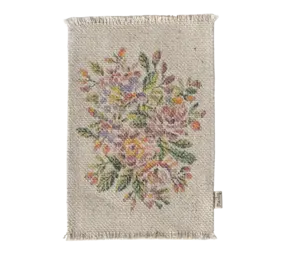 Maileg Vloerkleed Bloemen Maileg Vloerkleed Bloemen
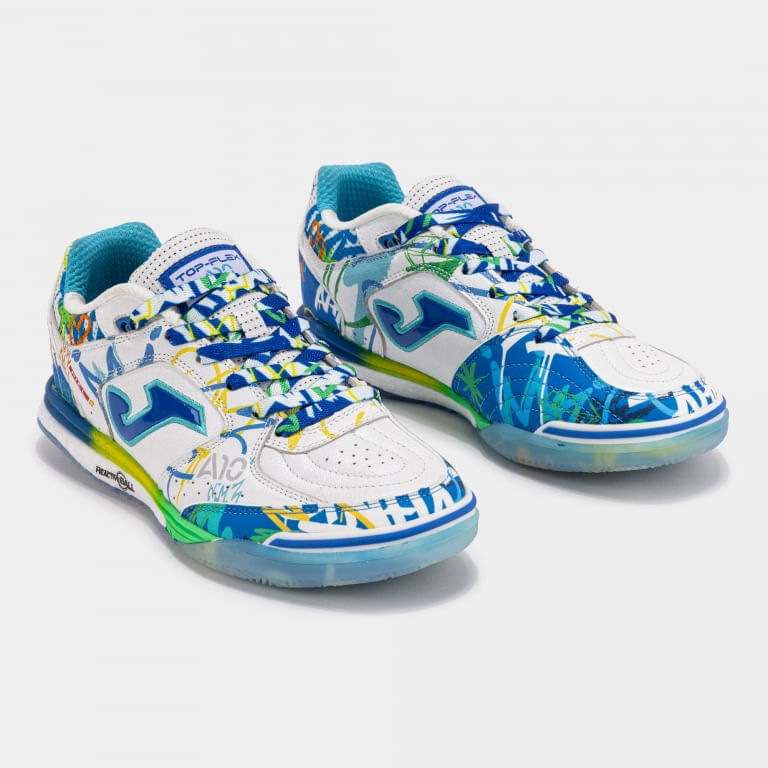 Chuteira de Futsal Joma Top Flex Rebound Amandinha-3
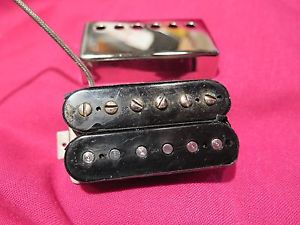 vintage 1962 Gibson PAF pat number pickup 7.6 kohms for Les Paul es 335 Explorer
· · ·
### [What is needed]
With images omitted, retype the data word for word.

### [Exercise output]
 Maileg Vloerkleed Bloemen Maileg Vloerkleed Bloemen
 Chuteira de Futsal Joma Top Flex Rebound Amandinha-3
 vintage 1962 Gibson PAF pat number pickup 7.6 kohms for Les Paul es 335 Explorer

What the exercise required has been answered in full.